Dataset entries:
--- START ---
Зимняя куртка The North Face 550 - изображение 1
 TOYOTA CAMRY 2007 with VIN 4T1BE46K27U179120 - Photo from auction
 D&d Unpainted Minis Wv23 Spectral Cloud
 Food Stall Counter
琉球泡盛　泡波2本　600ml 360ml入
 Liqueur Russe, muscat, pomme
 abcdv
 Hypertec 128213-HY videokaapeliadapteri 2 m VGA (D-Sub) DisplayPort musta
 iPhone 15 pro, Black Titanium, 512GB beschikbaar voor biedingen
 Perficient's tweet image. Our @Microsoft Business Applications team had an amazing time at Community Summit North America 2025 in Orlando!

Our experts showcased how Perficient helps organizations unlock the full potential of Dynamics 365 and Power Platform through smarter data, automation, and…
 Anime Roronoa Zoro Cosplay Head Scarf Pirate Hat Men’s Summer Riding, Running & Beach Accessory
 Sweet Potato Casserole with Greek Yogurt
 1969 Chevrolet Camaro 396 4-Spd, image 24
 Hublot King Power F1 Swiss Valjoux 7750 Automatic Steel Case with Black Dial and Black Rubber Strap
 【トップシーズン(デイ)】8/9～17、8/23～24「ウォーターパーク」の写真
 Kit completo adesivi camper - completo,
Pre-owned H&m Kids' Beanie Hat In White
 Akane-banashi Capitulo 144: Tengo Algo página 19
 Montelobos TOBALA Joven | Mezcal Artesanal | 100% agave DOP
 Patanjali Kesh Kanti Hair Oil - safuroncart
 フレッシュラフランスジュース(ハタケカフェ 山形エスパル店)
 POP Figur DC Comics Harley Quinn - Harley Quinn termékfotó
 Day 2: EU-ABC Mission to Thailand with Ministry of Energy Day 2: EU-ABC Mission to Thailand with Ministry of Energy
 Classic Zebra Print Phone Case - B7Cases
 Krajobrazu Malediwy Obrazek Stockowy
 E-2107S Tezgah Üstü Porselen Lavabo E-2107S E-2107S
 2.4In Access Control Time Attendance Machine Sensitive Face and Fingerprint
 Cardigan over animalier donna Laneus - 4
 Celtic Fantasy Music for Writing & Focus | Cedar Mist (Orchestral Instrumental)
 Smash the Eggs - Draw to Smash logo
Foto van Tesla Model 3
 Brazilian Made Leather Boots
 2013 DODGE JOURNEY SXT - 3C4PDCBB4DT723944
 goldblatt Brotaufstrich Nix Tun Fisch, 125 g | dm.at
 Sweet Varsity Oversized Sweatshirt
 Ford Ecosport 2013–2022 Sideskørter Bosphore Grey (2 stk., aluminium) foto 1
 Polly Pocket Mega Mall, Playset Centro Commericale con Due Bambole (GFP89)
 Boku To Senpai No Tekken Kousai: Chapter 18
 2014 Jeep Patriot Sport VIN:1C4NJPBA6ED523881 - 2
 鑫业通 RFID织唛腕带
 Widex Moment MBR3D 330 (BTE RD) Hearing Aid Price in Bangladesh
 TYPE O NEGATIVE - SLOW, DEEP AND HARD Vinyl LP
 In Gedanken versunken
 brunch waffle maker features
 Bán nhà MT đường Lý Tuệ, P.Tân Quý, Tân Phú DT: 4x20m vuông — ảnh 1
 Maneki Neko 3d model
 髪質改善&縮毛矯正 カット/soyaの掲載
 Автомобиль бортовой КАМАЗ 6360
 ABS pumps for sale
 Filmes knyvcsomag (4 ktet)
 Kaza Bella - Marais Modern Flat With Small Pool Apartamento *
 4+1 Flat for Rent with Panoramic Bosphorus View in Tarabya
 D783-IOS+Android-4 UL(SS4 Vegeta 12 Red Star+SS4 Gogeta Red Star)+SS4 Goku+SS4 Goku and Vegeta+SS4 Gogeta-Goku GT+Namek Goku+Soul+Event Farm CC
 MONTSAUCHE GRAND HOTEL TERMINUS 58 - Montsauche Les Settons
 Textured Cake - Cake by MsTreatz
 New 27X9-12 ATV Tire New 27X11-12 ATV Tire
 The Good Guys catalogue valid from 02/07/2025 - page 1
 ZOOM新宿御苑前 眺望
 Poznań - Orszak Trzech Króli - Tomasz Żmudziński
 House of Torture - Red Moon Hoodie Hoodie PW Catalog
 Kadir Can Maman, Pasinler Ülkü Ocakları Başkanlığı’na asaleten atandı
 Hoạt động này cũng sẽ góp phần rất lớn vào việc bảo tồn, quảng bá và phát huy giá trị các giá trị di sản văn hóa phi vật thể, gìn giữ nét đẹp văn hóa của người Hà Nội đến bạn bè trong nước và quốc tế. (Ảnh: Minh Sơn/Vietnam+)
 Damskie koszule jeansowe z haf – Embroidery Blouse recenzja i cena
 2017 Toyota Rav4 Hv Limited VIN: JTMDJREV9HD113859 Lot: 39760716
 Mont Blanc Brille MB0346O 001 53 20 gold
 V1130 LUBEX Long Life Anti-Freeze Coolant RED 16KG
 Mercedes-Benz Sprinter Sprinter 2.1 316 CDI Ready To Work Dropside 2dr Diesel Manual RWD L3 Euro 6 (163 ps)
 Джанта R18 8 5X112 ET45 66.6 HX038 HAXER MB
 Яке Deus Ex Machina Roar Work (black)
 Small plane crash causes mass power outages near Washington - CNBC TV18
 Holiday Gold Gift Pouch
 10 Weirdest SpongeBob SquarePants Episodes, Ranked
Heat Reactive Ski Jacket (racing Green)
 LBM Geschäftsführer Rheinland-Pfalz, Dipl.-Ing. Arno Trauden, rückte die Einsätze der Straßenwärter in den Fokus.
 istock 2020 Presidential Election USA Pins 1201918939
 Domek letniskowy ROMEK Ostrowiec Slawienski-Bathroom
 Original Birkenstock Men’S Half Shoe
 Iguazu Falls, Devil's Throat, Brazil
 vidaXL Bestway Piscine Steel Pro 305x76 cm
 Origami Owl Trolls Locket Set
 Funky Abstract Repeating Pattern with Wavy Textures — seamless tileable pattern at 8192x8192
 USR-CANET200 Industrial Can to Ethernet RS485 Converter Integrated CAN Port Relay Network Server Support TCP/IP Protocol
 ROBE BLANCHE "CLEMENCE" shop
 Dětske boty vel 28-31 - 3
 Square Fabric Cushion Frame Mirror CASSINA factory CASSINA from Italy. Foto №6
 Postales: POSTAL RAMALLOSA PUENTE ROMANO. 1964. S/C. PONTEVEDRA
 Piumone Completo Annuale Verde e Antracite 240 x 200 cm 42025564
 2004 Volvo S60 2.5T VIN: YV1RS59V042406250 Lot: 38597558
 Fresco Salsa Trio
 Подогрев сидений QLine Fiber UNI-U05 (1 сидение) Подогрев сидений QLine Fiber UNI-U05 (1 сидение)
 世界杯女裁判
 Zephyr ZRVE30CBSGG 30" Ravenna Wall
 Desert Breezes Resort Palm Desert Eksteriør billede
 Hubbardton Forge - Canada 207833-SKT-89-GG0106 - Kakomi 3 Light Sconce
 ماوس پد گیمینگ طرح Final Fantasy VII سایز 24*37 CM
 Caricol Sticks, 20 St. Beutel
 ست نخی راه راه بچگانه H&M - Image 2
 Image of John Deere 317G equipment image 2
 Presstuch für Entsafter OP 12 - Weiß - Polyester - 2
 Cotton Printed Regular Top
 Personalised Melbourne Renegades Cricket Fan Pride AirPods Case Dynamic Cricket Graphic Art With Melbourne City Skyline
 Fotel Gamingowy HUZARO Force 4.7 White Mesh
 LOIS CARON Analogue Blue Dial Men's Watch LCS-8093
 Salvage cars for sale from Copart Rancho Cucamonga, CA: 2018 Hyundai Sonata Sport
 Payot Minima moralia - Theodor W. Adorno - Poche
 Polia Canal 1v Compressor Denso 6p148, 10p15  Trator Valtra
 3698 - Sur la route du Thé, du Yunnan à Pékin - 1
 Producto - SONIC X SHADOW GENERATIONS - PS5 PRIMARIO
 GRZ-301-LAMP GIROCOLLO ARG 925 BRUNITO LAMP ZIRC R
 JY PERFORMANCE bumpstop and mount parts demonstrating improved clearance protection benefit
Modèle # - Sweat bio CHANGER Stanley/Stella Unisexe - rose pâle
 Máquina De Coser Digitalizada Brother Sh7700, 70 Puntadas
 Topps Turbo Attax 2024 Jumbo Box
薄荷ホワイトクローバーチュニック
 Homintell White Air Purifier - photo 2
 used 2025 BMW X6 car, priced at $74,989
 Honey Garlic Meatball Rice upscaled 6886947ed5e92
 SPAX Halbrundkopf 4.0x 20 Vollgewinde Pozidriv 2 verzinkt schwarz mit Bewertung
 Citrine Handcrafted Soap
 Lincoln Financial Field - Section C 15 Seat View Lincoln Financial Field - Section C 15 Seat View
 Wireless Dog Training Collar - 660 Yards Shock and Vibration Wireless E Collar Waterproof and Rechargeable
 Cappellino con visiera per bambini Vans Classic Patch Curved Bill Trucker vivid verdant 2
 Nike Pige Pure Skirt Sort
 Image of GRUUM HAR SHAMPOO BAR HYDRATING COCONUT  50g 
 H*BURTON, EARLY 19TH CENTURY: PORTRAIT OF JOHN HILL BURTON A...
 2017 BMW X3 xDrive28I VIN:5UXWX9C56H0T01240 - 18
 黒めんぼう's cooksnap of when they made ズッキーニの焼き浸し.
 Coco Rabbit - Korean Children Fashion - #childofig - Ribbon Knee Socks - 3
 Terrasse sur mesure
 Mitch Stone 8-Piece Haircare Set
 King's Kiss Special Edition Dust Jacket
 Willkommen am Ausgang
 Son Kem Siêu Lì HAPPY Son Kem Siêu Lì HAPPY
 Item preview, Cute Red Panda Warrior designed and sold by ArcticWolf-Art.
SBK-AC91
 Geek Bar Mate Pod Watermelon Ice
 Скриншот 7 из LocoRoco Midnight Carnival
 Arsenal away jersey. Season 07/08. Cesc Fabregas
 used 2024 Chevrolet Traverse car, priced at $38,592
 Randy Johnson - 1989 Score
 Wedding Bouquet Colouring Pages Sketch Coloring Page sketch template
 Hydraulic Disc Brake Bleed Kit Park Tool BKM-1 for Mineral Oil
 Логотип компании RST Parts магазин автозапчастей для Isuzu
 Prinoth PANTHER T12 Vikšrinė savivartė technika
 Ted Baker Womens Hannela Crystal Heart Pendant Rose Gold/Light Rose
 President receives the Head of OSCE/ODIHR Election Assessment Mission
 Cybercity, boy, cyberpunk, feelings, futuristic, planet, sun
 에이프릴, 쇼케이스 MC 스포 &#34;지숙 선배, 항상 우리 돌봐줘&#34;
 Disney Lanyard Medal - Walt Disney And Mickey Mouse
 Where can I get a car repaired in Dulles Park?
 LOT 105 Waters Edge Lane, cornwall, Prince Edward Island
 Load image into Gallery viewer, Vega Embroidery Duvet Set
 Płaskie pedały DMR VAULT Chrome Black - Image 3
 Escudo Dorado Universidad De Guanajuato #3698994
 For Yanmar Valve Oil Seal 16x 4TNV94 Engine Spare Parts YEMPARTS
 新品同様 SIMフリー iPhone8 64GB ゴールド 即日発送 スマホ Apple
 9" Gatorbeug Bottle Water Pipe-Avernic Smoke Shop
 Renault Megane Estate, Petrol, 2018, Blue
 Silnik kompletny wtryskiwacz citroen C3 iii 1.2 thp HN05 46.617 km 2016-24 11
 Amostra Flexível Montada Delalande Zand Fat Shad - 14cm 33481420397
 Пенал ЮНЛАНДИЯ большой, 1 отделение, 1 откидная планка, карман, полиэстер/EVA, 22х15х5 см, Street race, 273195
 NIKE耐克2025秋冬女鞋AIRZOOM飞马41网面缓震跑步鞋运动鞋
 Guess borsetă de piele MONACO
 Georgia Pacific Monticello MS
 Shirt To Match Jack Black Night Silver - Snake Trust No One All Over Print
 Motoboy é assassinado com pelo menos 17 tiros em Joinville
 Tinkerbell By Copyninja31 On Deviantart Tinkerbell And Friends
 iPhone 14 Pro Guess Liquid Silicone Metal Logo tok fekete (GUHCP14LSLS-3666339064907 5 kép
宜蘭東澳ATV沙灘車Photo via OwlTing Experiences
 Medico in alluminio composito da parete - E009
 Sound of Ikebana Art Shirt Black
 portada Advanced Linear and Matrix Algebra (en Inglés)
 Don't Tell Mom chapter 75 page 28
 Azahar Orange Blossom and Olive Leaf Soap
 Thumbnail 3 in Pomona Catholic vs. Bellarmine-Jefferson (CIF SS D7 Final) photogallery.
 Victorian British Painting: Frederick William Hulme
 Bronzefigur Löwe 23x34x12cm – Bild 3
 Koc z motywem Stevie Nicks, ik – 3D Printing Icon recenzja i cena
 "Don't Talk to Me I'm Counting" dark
--- END ---
#### Exercise instructions
From the data above, copy each line where the string "Flat" appears.

#### Result
 Kaza Bella - Marais Modern Flat With Small Pool Apartamento *
 4+1 Flat for Rent with Panoramic Bosphorus View in Tarabya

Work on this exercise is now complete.